Technically, you can use aluminum foil to cook en papillote if you’re in a jam, but a parcel of parchment is better at holding in steam since the seams of the parcel will lay together more neatly. This means your seafood, and any other ingredients you’ve included in the packet, will steam efficiently and get a full infusion of aromas and flavors.

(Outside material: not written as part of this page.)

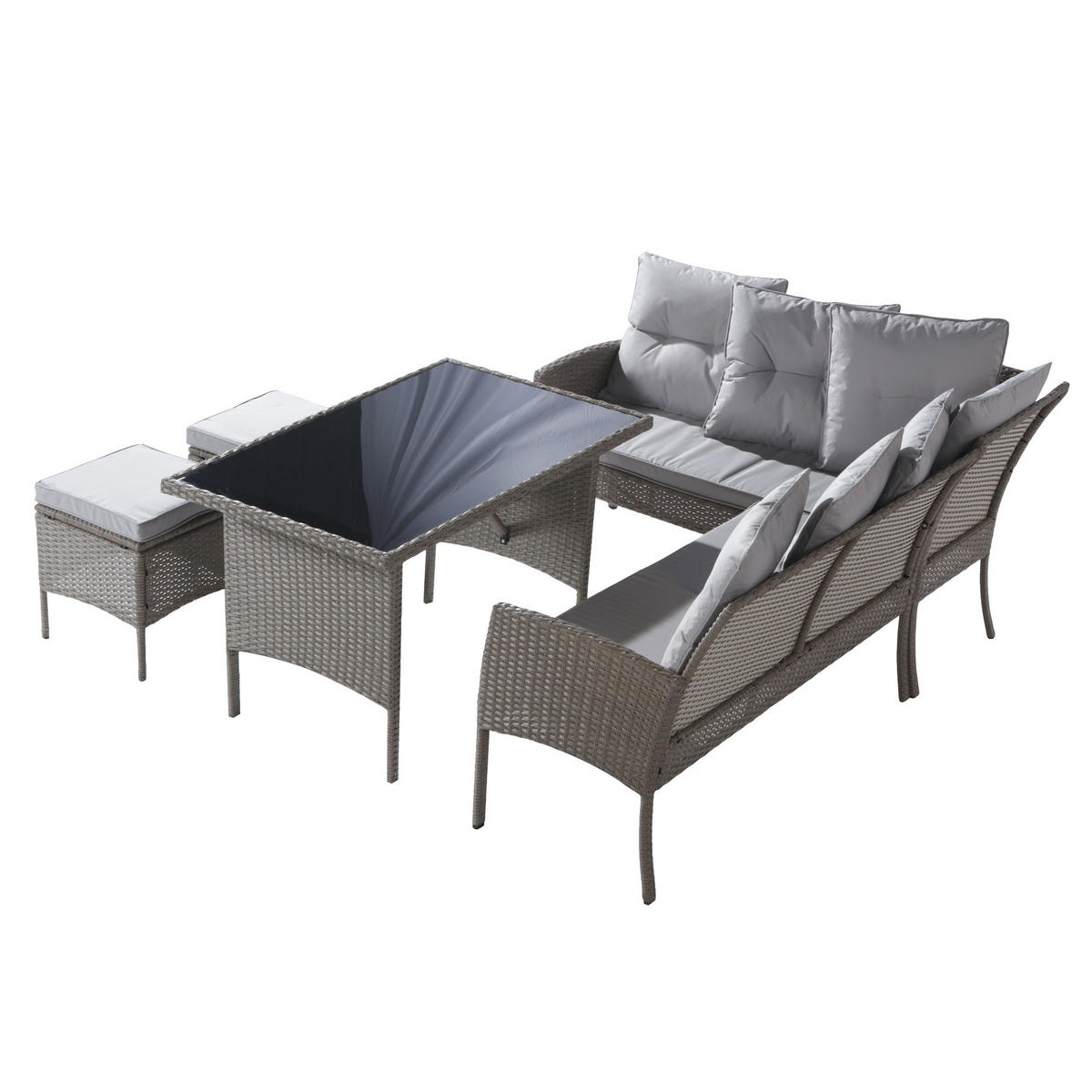 LOUNGESET 7 Personen Khaki Poly Rattan Mit Abnehmbarem Bezug - Hellbraun, Metall - FLIEKS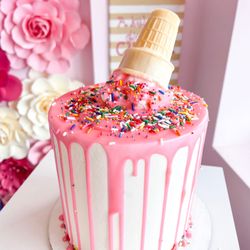 Cupcakes, BOOM! - Melted ice cream cone birthday cake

Even the superficial aspects of parchment paper will make you seem even more like a pro in the kitchen, as the presentation of food cooked en papillote in parchment makes for an elegant and exciting reveal at the table. Who doesn’t like opening packages filled with food? Just remember to mind the steam. P.S. Your seafood will look prettier in it’s puffy, paper-based parcel than in a bubble of crinkly foil.
Parchment for Health
Speaking of steaming seafood, using parchment paper to cook your seafood en papillote might help you make progress toward your health goals. If low-calorie, high-impact meals are your thing, then cooking en papillote let’s you pack tons of flavor into seafood without requiring the addition of excess fat. Of course, you could also add something like grass-fed butter to your packets, if your diet is built around getting more and higher qualities of fats. Either way, cooking seafood en papillote gives you a lot of freedom to control what you’re including in your meals, since practically anything can be cooked in a parchment paper packet.
A Time Saver
If you’re cooking en papillote, unless one of your parcels leaked, you probably won’t have any cooking surfaces or vessels to scrub during cleanup, saving you a considerable amount of time and energy.
Parchment-lined baking sheets also come in handy for fans of sheet pan meals for healthy meal prep or easy weeknight seafood dinners with the fam, which are time-saving approaches to cooking on their own. Especially when you’re baking or broiling seafood with a sugary marinade or topping like a maple-soy glazed fillet of salmon or sablefish, you’ll probably want to line your baking sheets with parchment paper. Those sugars caramelize into a delicious crust or glaze when exposed to heat, but this same sugar can become baked onto your pans.
With parchment beneath or around your seafood, cleanup is basically just a matter of rolling it up and tossing it in the garbage, giving you more time to kick back and digest your delicious, wild-caught seafood meal.